Without any pictures, reproduce exactly the lines running from the line containing "Monk Mikael, holding" through the end of the entries.

⟨

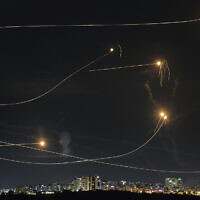 Israeli Iron Dome air defense system fires to intercept a rocket fired from the Gaza Strip, in Ashkelon, October 20, 2023. (AP Photo/Avi Roccah)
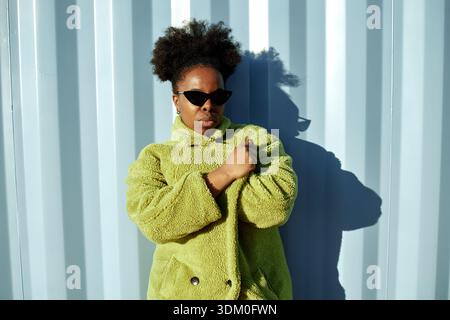 Porträt der jungen Erwachsenen Schwarzen Frau mit Sonnenbrille im Freien stehend Stockfoto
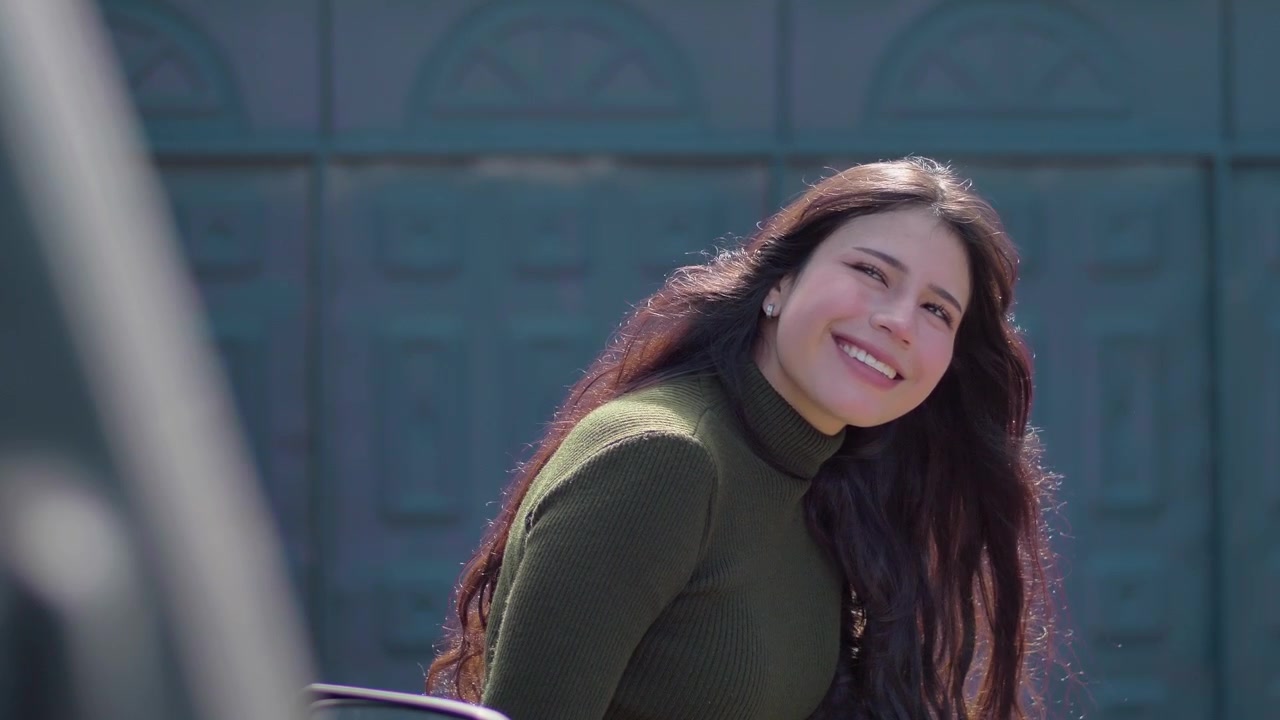 Portræt af en smilende brunette kvinde med langt hår, der blæser i vinden, udendørs i naturligt lys.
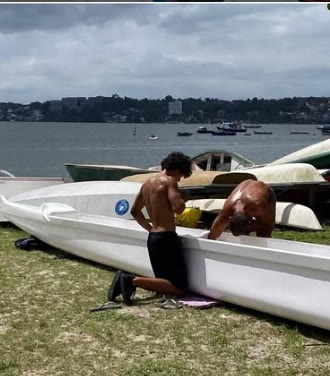 Gabriel e Rodrigo preparando a canoa Hale Hoe na grama, de frente para a baía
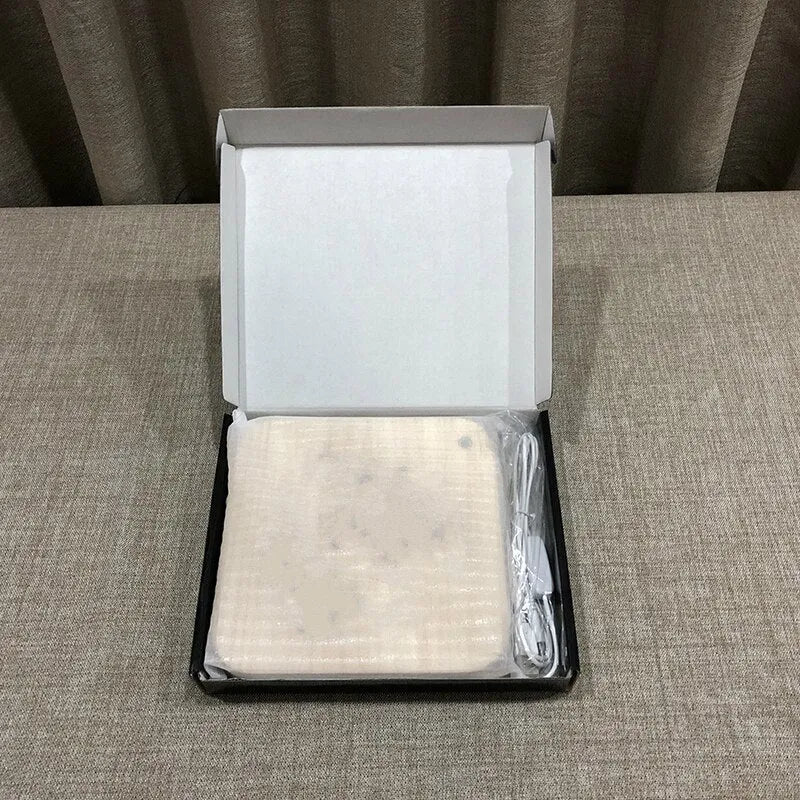 Square pine wood USB LED atmosphere lamp emitting warm white light on a desk.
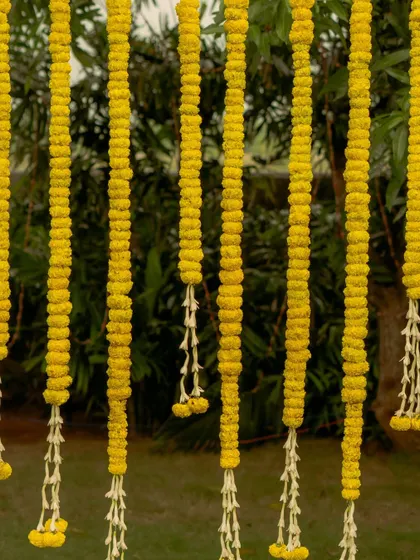 A close-up of the hanging marigold and tuberose garlands. Using local, seasonal flowers is a core part of my sustainable approach to decor, adding natural beauty and fragrance.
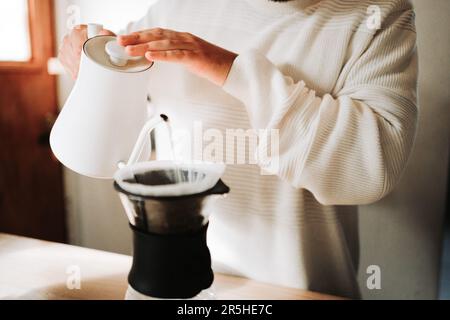 Unrecognizable young man preparing coffee using chemex pour over coffee maker and drip kettle, in a coffee shop Stock Photo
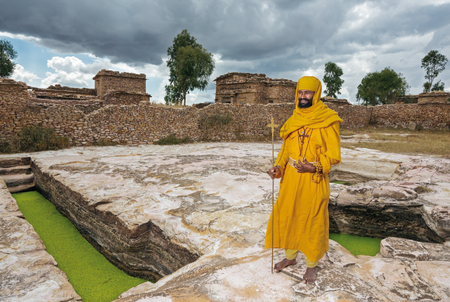 Monk Mikael, holding a pilgrim’s cross, stands by two of the hand-cut rock cisterns that capture enough water during the rains to last the community the entire year.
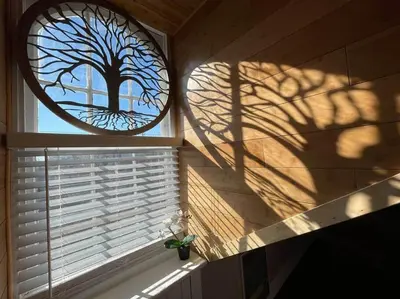 a window in a room with a tree reflection in it at THE LEMON TREE - DOWNTOWN HISTORIC LANCASTER in Lancaster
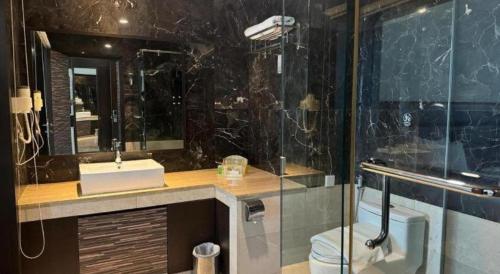a bathroom with a shower and a sink and a toilet at The BCC Hotel & Residence in Nagoya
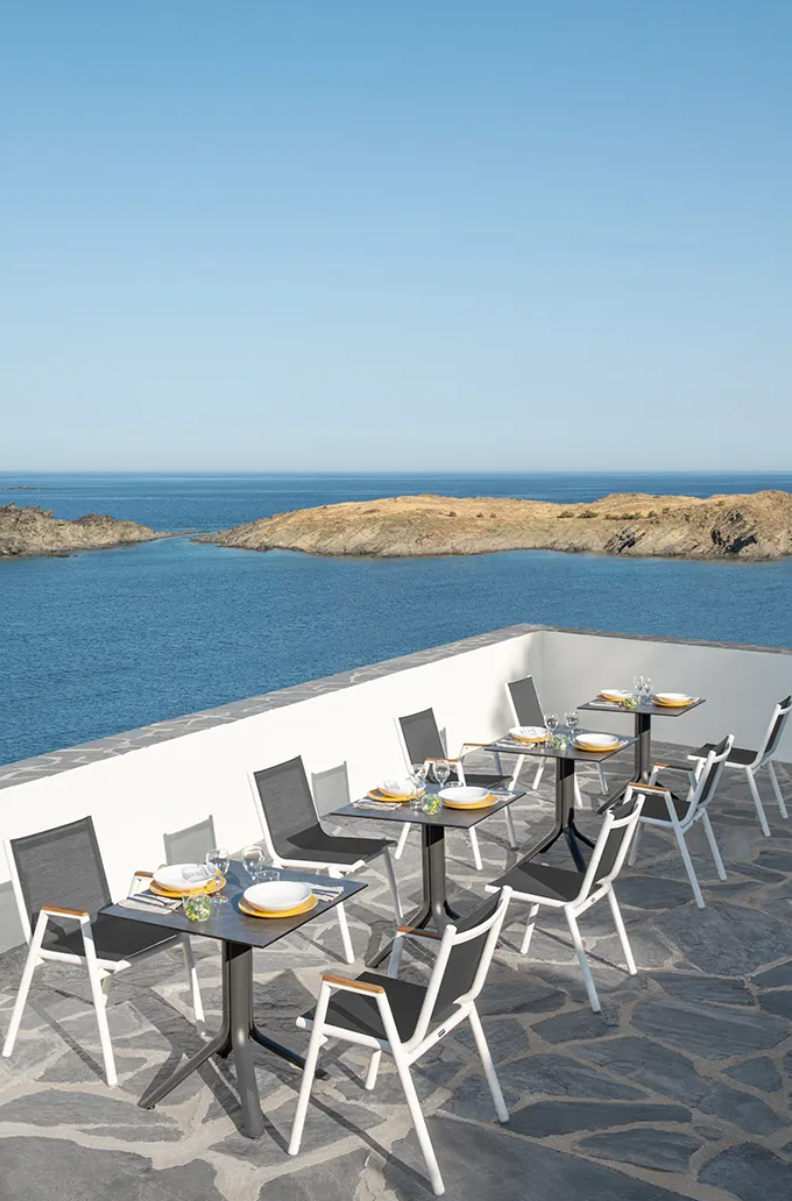 Load image into Gallery viewer, Fermob Pilotis V Batyline teak armchair with woven Batyline fabric, designed for outdoor restaurant or hotel seating.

⟩

**YOUR RESPONSE**
 Monk Mikael, holding a pilgrim’s cross, stands by two of the hand-cut rock cisterns that capture enough water during the rains to last the community the entire year.
 a window in a room with a tree reflection in it at THE LEMON TREE - DOWNTOWN HISTORIC LANCASTER in Lancaster
a bathroom with a shower and a sink and a toilet at The BCC Hotel & Residence in Nagoya
 Load image into Gallery viewer, Fermob Pilotis V Batyline teak armchair with woven Batyline fabric, designed for outdoor restaurant or hotel seating.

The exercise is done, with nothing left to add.